A control run is first prepared for comparison. To a stirred mixture of lauric acid (44.00 g) and zinc oxide (0.070 g) at 155.degree. C. is slowly added 40.62 g of a 53.01% solution of commercial aqueous sodium isethionate prepared from ethylene oxide and sodium bisulfite. A nitrogen purge of about 45 cc/minute is used during the addition, which requires about 18 minutes and during which the reaction temperature continues to increase to about 200.degree. C. Heating is continued for about 10 minutes to a reaction temperature of about 239.degree. C. The nitrogen purge is increased to about 250 cc/minute and the reaction mixture is stirred at about 239.degree. C. for about 90 minutes. The reaction mixture is then cooled under nitrogen. During the reaction 4.33 g of lauric acid is distilled leaving in the reaction mixture 39.67 g (0.1980 moles). This corresponds to 1.36 moles lauric acid/mole AMI. Product Analysis: % sodium lauroyl isethionate: 73.2; % conversion of AMI: 89.4; product color: white to slightly off-white, yellowness index: less than 10.
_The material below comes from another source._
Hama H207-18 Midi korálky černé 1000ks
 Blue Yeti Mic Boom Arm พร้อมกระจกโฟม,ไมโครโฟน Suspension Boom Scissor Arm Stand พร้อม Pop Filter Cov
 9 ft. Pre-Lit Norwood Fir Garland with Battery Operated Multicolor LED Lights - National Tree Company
When AMI prepared according to Example 2 above is employed in place of the commercial sodium isethionate using a procedure similar to that described for the control run, a dark colored, tan to brown, FEI product is obtained having a yellowness index greater than 10. Further, the pH of a 1% dispersion of this product in water is about 3.6 compared to about 6.1 obtained for the control run. The acidic reaction product is believed to arise from trace amounts of an unidentified acid precursor, possibly ethionate, in the ethionic acid derived AMI. While not espousing any particular theory, applicants postulate that the reaction conditions (i.e., high temperature, presence of water and fatty acid) liberates traces of sulfuric acid resulting in the low pH and a dark colored FEI product having a yellowness index greater than 10.
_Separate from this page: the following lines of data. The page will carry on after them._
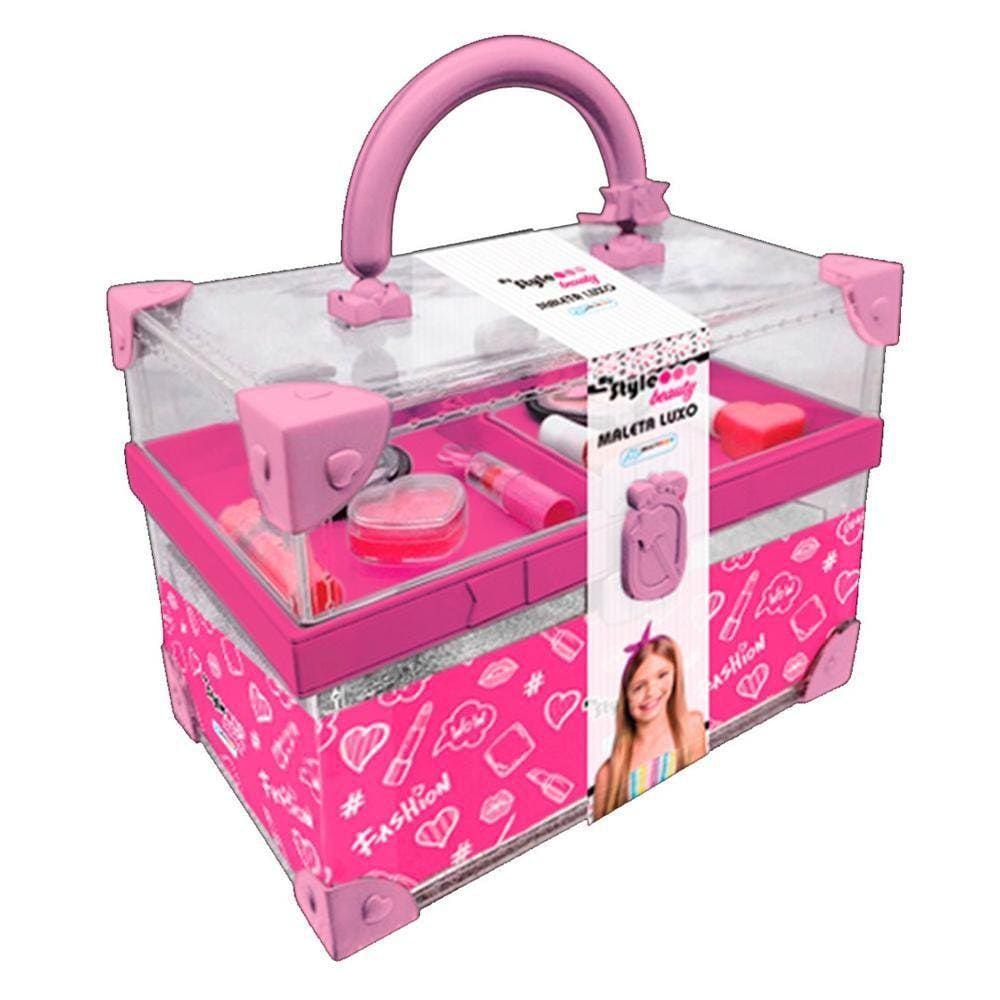 Mala Kit Maquiagem Infantil Barbie Batom Sombra Esmalte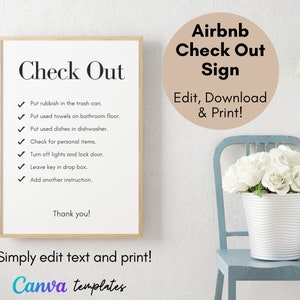 Szablon znaku „Wymeldowanie Airbnb”, Lista wymeldowań Airbnb, Wymeldowanie gości Airbnb, Znaki Airbnb, Oznakowanie, Airbnb do druku, Powitanie Airbnb, Gospodarz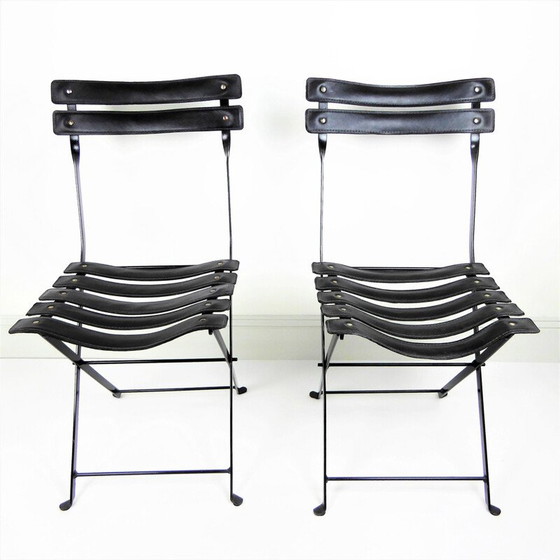Image 1 of Paire de 2 chaises pliantes liner vintage, France 1960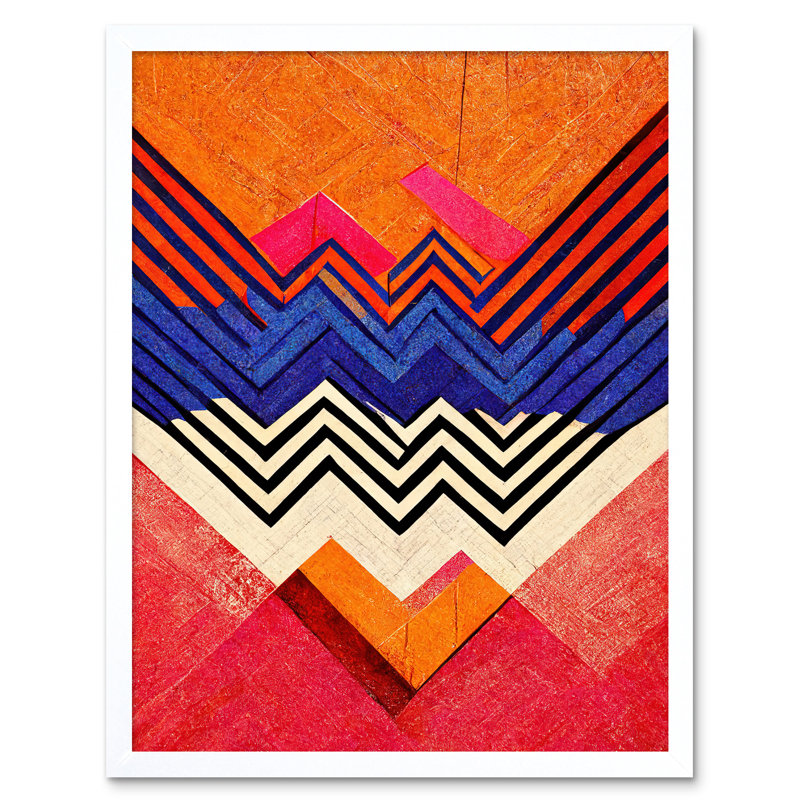 Memphis Design Geometric Retro Abstract - Print, 43cm H x 33cm W, White Framed Paper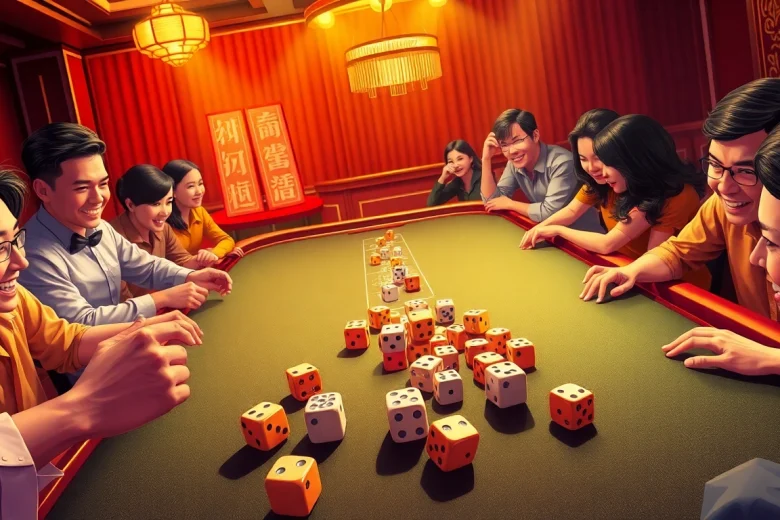 Engaged players enjoying a game of tài xỉu online with colorful dice on the table.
To prevent the color formation during the FEI reaction, a sufficient amount of an alkali (e.g., sodium hydroxide) or an alkali metal salt of a carboxylic acid preferably a soap containing from about 8 to about 18 carbon atoms, e.g., sodium laurate, sodium coconut soap or sodium stearate, is added as part of the reaction charge at the beginning of the FEI reaction. The amount of alkali or soap required is small, about 0.2%-2% of the weight of AMI when an alkali, e.g., sodium hydroxide, is used, and about 1-12% of the AMI when a soap, e.g., sodium laurate, is used depending upon the amount of acid precursor present. In this way, the conversion of the AMI into FEI is comparable to the control and the final FEI product is light colored, viz., white to slightly off-white, having a yellowness index of about 10 or less.

It will be understood that the foregoing examples and explanations are for illustrative purposes only and that in view of the instant disclosure various modifications of the present invention will be self-evident to those skilled in the art and are to be included within the spirit and purview of this application and the scope of the appended claims.

Claims

1. A process for the preparation of alkali metal isethionates from ethionic acid, comprising the steps of:

(a) heating an aqueous solution containing about 20% to about 50% of ethionic acid at a temperature of about 80.degree. C. to about 160.degree. C. for a sufficient time to produce a solution of isethionic acid and sulfuric acid;

(b) neutralizing said aqueous solution with a mixture of calcium hydroxide and an alkali metal hydroxide, the amount of said hydroxides in said mixture being sufficient to substantially completely convert the sulfuric acid into hydrated calcium sulfate and the isethionic acid into an alkali metal isethionate; and

(c) separating the alkali metal isethionate from said neutralized solution.

2. A process as defined in claim 1 wherein the temperature is about 100.degree. C. to about 150.degree. C.

3. A process as defined in claim 1 wherein said aqueous solution contains about 20% to about 40% ethionic acid.

4. A process as defined in claim 3 wherein said aqueous solution contains about 35% of said ethionic acid.

5. A process as defined in claim 4 wherein said 35% solution is refluxed for 21/2 hours at atmospheric pressure.